Not long before Christmas, as the pandemic was taking a devastating toll in rural Iowa, Rebecca Tinti was visiting neighbors who had fallen ill.
At the family's farm, she found seven of them, including a newborn baby, bedridden with sickness, leaving a 6-year-old girl to take care of everyone else. Tinti stepped in, but she couldn't avert tragedy.
"The mister had been waiting on the rest till he had a relapse and kept on getting worse, till he died a week later," she wrote in a letter dated January 1919. "I stayed till the funeral, which was the day before Christmas."
Tinti's letters are now in the hands of her goddaughter's daughter Ruth M. Lux, 72, of Lidderdale, Iowa. Lux has dozens of old family letters, which were passed down from her mother and her grandmother.
"I call my house the Lidderdale branch of the National Archives," she said.
Those letters — updates about corn harvests and slaughtered hogs, interspersed with reports of illness and death — are dispatches from the domestic front of a pandemic in which millions of Americans were sickened and 675,000 died, among at least 50 million deaths worldwide. It has been attributed to an H1N1 virus that originated in birds.

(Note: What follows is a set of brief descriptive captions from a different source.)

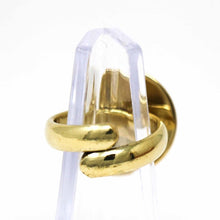 Load image into Gallery viewer, Domed Adjustable Brass Ring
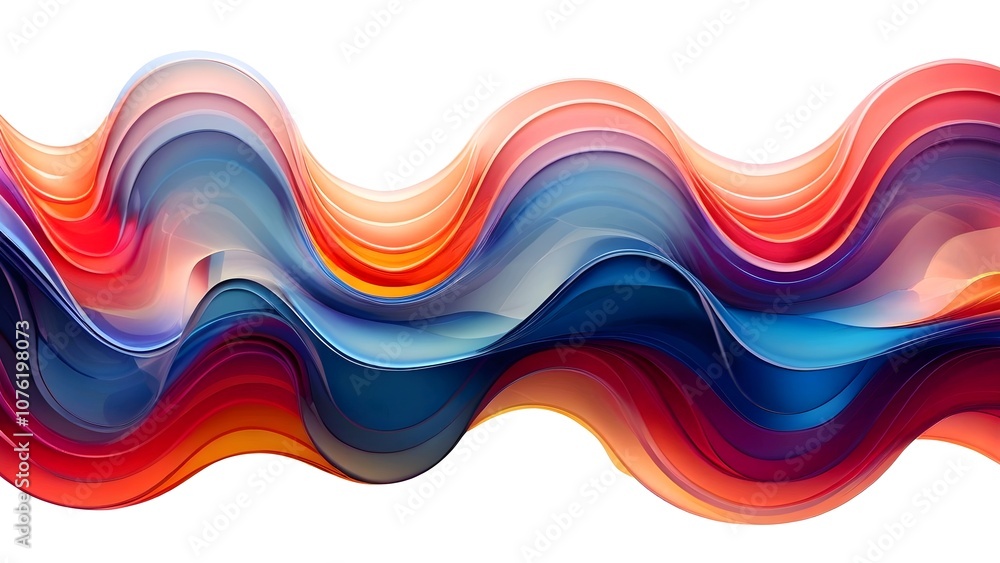 Poster abstract colorful wave vector design with rainbow colors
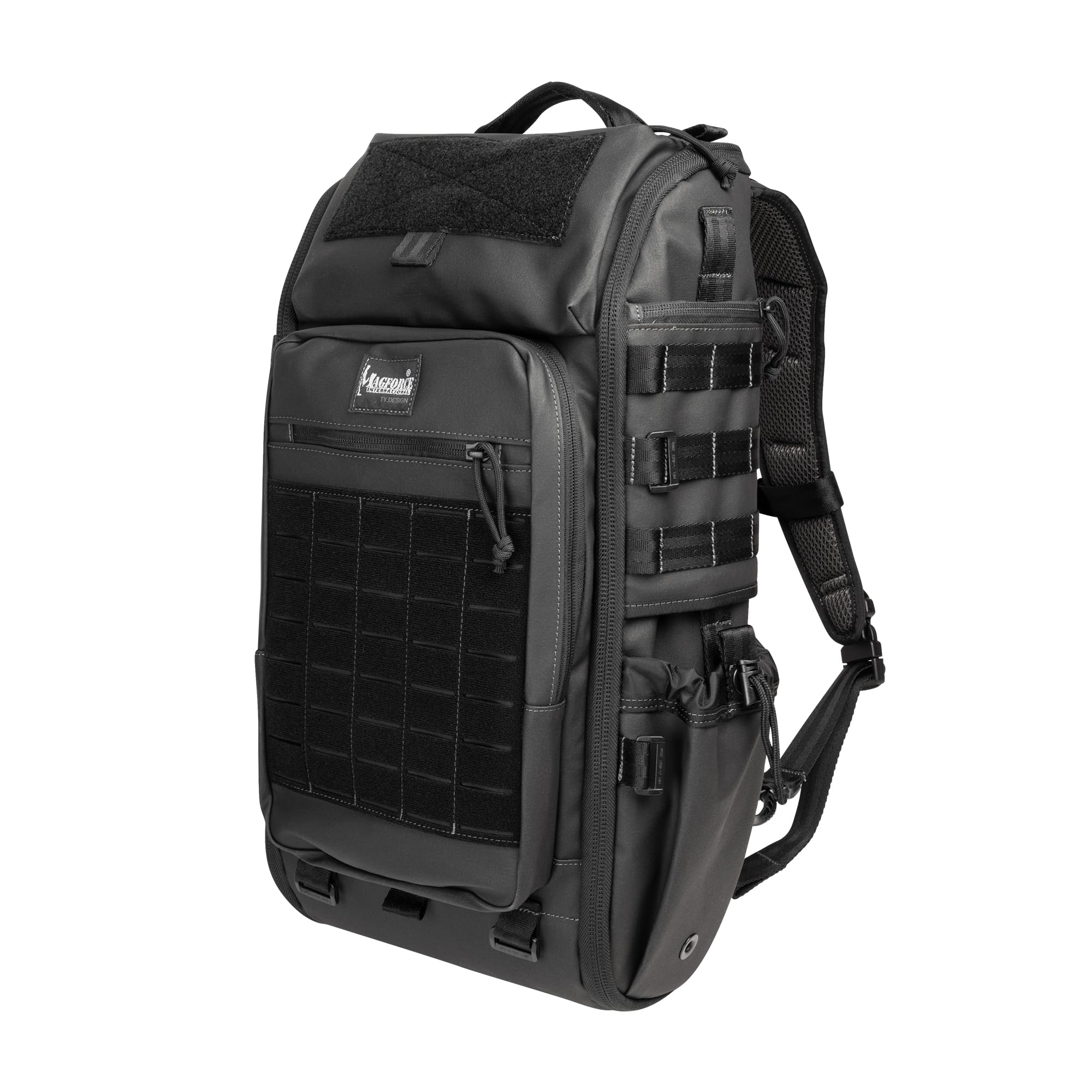 Magforce Raider Sac à Dos Tactique Militaire Molle Nylon balistique Grande capacité léger Compressible Multi-Poches extérieur Ordinateur Portable Noir Mat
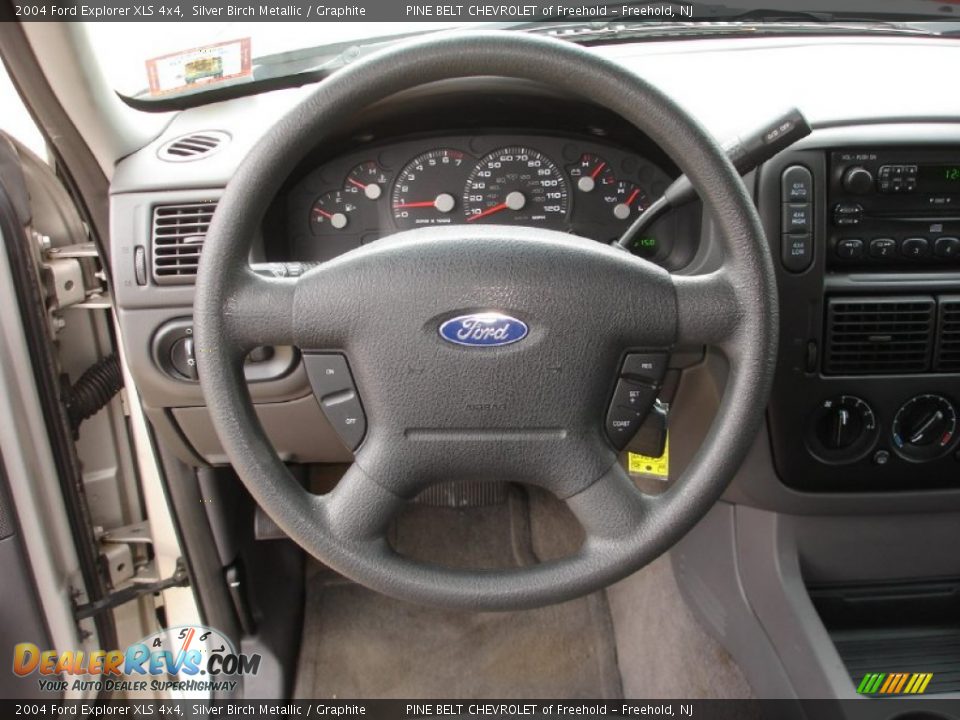 2004 Ford Explorer XLS 4x4 Steering Wheel Photo #13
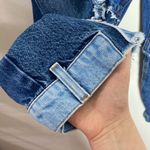 Revice Denim  Blue Matchmaker high rise patchwork Straight Leg crop jeans size 26 Photo 6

That pandemic, like the coronavirus today, seemed to roll across the U.S. in waves. But the national conversation around private family gatherings appeared to have been less charged in 1918 than it is today, as many weary from months of restrictions bristle at guidance from health agencies to stay home.
"Hundreds of thousands of people lost loved ones," said J. Alexander Navarro, a medical historian at the University of Michigan and an editor of the online Influenza Encyclopedia. "But by the time of Thanksgiving, there really wasn't much debate about whether or not they should get together."